# Rhinestones by hand- from craft store?



## kc6789 (Mar 28, 2010)

Hey, just wondering how the rhinestones from the craft store work. It says they r for shirts and stuff. I guess u set them with an iron? Do they last long? I just wanted to use a few. Thanks. 


Sent from my iPhone using TShirtForums


----------



## kc6789 (Mar 28, 2010)

Oh yeah, if u do set them with an iron, how do u avoid from the screen printed ink getting hot or touched?


Sent from my iPhone using TShirtForums


----------



## BML Builder (Jul 8, 2008)

I have used the ones from Walmart when I first started. Those worked really well but are a lot more expensive than buying in bulk and you don't get a lot of choices of colors and sizes. Michaels does sell the Swaroski stones, but they are even more expensive but are really nice to try. As far as not ironing the vinyl or screen printing, try using some parchment paper from the grocery store over the design. In a restaurant supply house you may be able to find the teflon sheets (that is what we cover our designs with). Just remember with the household iron you need to use even and constant pressure.


----------



## taricp35 (Dec 10, 2008)

Those Swarovski stones in Michaels say made in China on the back and we all no that ain't so.


----------



## BML Builder (Jul 8, 2008)

taricp35 said:


> Those Swarovski stones in Michaels say made in China on the back and we all no that ain't so.


Wow, I never read the package to see that. I do know they are pretty. Prettier than some others that I have seen other places, but they are expensive. So unless you are just doing something small I wouldn't spend that kind of money on them.


----------



## lizziemaxine (Nov 14, 2007)

taricp35 said:


> Those Swarovski stones in Michaels say made in China on the back and we all no that ain't so.


That may or may not be true. At a tradeshow last year a vendor told me that Swarovski sold the name to a China manufacturer. Don't have any idea if that is true but might be for some of the products produced (such as for crafts stores).


----------



## kc6789 (Mar 28, 2010)

So is there any special kind to buy that will stick to the shirt? Like, what should the package say?


Sent from my iPhone using TShirtForums


----------



## veedub3 (Mar 29, 2007)

lizziemaxine said:


> That may or may not be true. At a tradeshow last year a vendor told me that Swarovski sold the name to a China manufacturer. Don't have any idea if that is true but might be for some of the products produced (such as for crafts stores).
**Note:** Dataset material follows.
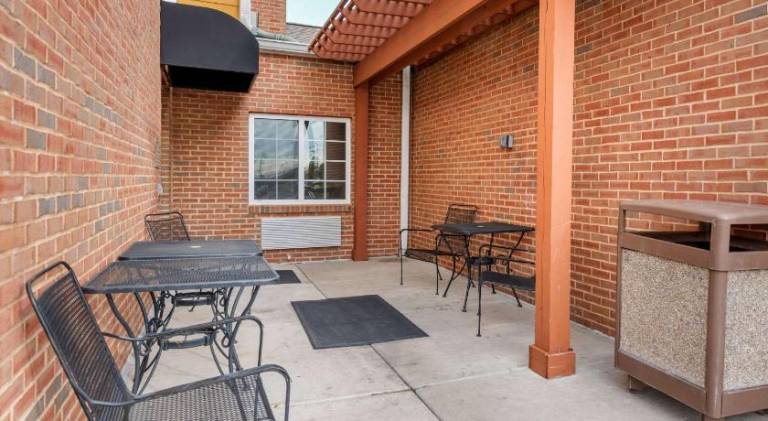 Birch Hill Suites - South Bend — photo 4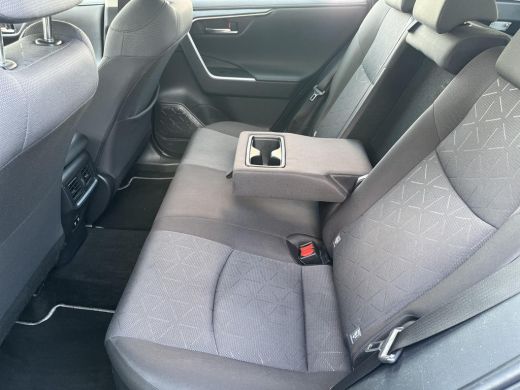 Toyota RAV4 2.5 Hybrid AWD Active | Trekhaak | Carplay | Parkeercamera | Adaptive cruise control | ActivLease financial lease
I doubt that is true that they sold their name to a Chinese manufacturer. Swarovski has remained a privately owned family business since its inception and the Factory is still in Wattens, Austria.


----------



## lizziemaxine (Nov 14, 2007)

veedub3 said:


> I doubt that is true that they sold their name to a Chinese manufacturer. Swarovski has remained a privately owned family business since its inception and the Factory is still in Wattens, Austria.


I kind of figured that vendor that told me the name had been sold was just trying to get me to buy from him by telling that.


----------



## taricp35 (Dec 10, 2008)

lizziemaxine said:


> That may or may not be true. At a tradeshow last year a vendor told me that Swarovski sold the name to a China manufacturer. Don't have any idea if that is true but might be for some of the products produced (such as for crafts stores).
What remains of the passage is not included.